With their village destroyed, the two began walking through the wreckage left behind. They walked for a long time without food or water to restore their energy. As they walked, the two began to lose their worldliness. Their noses stopped working, blocked by debris and sand. Their eyes could no longer see because they stopped blinking, afraid to fall asleep and wake up to another disaster. Their organs were destroyed, their bones turned to stone, and their skin became as rough as bark. However, none of these changes stopped them from continuing their journey.

Eventually, Minawara, the older and wiser of the pair, felt an instinct to cease their endless wandering. He stopped walking, embraced Multultu, and took his last breath, ending their journey. Minawara and Multultu suddenly found themselves in a void, a formless entity. The entity introduced itself as "Dreamtime" and offered them a choice: end their journey here or begin a new life as new, better, wiser, and stronger versions of themselves. The two took the latter offer, asking for the strength to protect one another. Dreamtime granted them this power, finding them worthy.

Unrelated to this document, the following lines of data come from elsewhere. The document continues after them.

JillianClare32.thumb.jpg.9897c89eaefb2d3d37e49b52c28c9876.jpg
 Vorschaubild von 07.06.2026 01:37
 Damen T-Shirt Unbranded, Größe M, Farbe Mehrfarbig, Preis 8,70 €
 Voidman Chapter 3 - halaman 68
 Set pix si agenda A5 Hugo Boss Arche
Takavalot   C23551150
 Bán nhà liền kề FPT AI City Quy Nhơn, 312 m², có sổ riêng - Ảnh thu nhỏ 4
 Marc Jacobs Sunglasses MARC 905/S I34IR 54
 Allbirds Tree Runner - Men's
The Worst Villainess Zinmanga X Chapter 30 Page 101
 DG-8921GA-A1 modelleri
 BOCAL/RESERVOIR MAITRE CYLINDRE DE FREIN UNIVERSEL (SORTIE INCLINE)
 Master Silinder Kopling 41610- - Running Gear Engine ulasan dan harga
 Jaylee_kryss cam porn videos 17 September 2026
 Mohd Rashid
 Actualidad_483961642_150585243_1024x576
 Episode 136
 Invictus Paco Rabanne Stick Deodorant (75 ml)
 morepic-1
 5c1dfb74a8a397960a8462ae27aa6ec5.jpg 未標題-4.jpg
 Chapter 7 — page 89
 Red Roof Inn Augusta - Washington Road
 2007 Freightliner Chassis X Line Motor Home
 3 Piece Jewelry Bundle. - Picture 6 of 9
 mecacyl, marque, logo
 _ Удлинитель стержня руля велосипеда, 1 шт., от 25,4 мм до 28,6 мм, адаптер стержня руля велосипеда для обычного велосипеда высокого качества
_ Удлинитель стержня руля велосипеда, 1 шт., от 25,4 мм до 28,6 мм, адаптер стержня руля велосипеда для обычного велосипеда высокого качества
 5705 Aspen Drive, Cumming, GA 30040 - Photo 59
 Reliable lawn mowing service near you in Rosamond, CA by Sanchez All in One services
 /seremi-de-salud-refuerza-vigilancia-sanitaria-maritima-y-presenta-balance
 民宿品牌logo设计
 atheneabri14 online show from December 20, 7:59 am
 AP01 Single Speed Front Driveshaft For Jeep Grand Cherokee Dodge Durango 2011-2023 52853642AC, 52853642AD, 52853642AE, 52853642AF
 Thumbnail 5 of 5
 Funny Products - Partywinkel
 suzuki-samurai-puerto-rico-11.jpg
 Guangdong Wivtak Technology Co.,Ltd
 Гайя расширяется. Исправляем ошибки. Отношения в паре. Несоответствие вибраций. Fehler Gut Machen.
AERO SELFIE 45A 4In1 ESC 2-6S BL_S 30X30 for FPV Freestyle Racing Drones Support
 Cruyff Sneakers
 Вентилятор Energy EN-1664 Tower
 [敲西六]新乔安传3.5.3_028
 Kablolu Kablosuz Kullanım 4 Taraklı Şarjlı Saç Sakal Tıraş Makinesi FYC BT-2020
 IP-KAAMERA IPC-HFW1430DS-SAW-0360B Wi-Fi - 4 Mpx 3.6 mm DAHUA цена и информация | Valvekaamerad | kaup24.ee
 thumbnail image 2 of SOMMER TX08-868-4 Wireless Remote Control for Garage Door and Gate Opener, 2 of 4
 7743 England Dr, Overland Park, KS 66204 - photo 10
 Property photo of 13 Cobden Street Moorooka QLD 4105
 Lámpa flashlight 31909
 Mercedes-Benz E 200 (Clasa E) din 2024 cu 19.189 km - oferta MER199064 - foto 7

Minawara was given the ability to alter fate and Multultu the power to manipulate time. Minawara used his powers to create a force that allowed him to tie himself with Multultu, becoming Minultu, an entity so powerful even Dreamtime was shaken by its presence. Minultu transcends all thought and cannot be explained with logic. It is depicted as a kangaroo with a human body, possessing black and white wings (although some also describe them as red and blue). Minultu is described as a wise, decisive, and responsible being.

With the power to overturn the order of the world, Minawara and Multultu stand on the side of good. They are called both the Guardian of Dreamtime and the Guide to the Dreamtime.